Given data Block Start
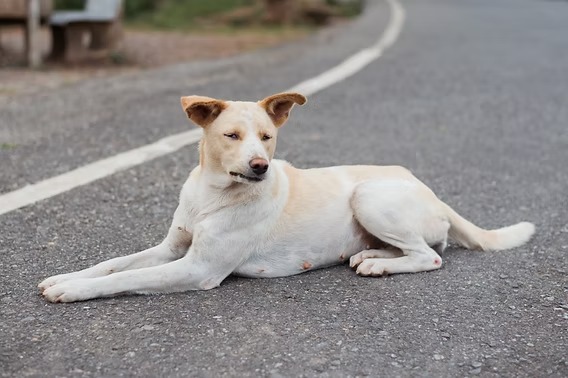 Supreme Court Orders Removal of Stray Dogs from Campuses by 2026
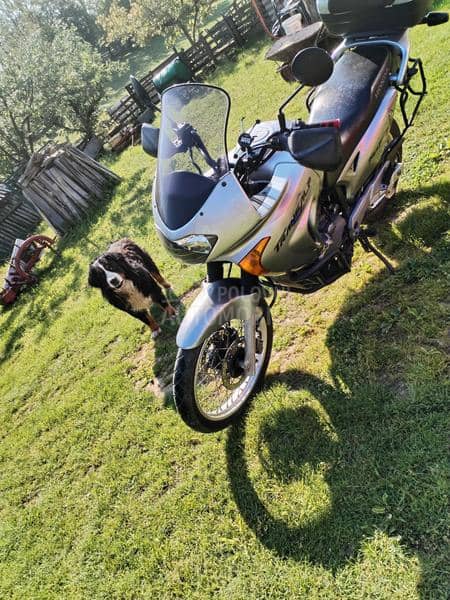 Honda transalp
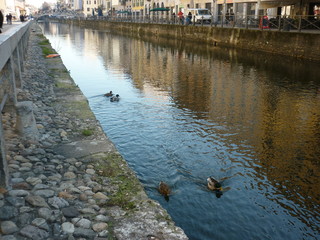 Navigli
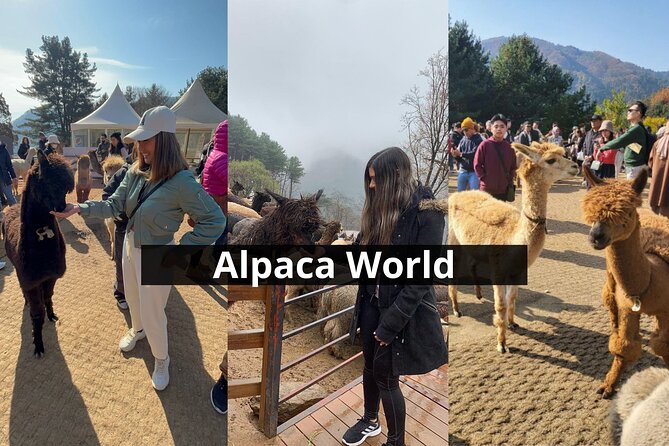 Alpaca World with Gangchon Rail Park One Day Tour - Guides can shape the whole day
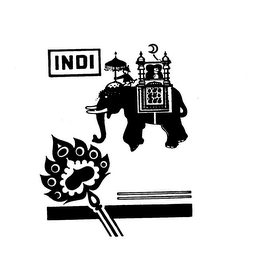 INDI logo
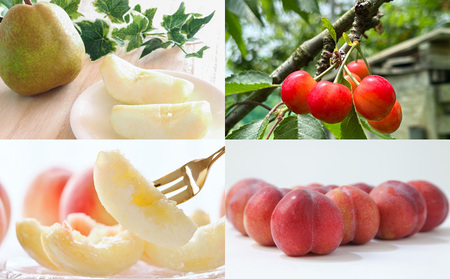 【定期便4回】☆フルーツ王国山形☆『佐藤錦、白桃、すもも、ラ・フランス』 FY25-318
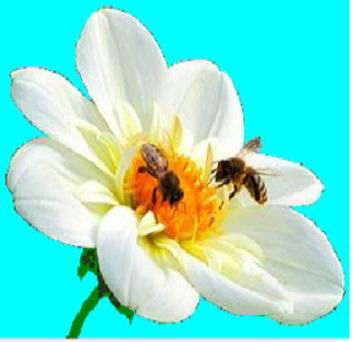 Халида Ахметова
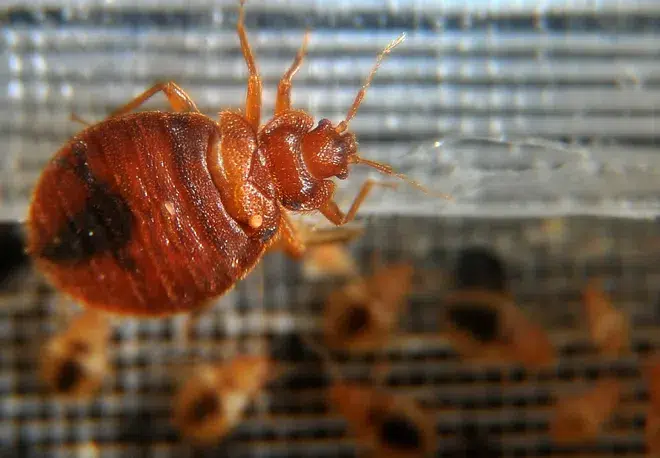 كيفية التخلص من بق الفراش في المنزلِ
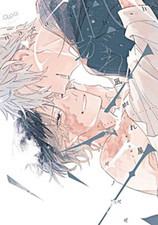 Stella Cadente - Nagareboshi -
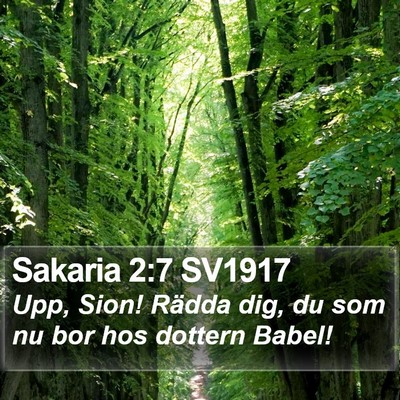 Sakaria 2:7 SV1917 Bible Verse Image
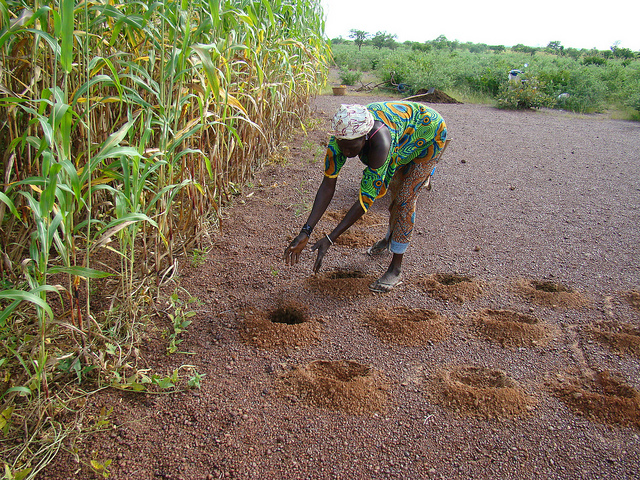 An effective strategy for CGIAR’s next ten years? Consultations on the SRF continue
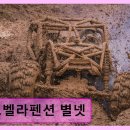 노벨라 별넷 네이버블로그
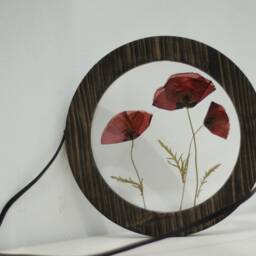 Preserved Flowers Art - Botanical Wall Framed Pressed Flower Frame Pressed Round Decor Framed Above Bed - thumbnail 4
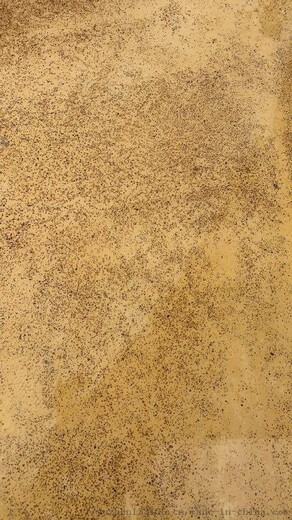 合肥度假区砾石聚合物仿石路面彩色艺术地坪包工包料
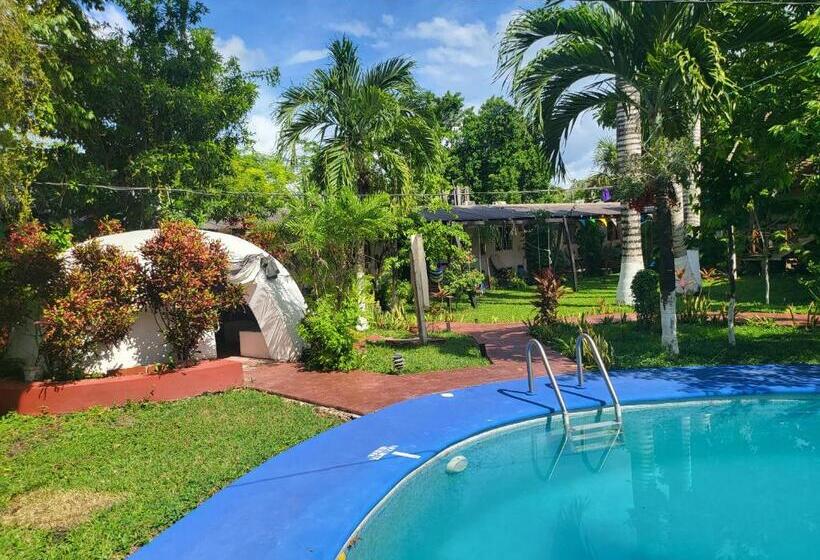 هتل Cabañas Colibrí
Given data Block End
Given data Block Start
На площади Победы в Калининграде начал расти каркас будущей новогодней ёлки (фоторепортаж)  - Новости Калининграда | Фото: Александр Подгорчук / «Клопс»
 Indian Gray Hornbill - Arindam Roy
Given data Block End
Work order. Within the data above, repeat exactly the lines from the one bearing "Supreme Court Orders" through the one bearing "هتل Cabañas Colibrí". Include no pictures and nothing else.

Your solution.
 Supreme Court Orders Removal of Stray Dogs from Campuses by 2026
 Honda transalp
 Navigli
 Alpaca World with Gangchon Rail Park One Day Tour - Guides can shape the whole day
 INDI logo
 【定期便4回】☆フルーツ王国山形☆『佐藤錦、白桃、すもも、ラ・フランス』 FY25-318
 Халида Ахметова
 كيفية التخلص من بق الفراش في المنزلِ
 Stella Cadente - Nagareboshi -
 Sakaria 2:7 SV1917 Bible Verse Image
 An effective strategy for CGIAR’s next ten years? Consultations on the SRF continue
 노벨라 별넷 네이버블로그
 Preserved Flowers Art - Botanical Wall Framed Pressed Flower Frame Pressed Round Decor Framed Above Bed - thumbnail 4
 合肥度假区砾石聚合物仿石路面彩色艺术地坪包工包料
 هتل Cabañas Colibrí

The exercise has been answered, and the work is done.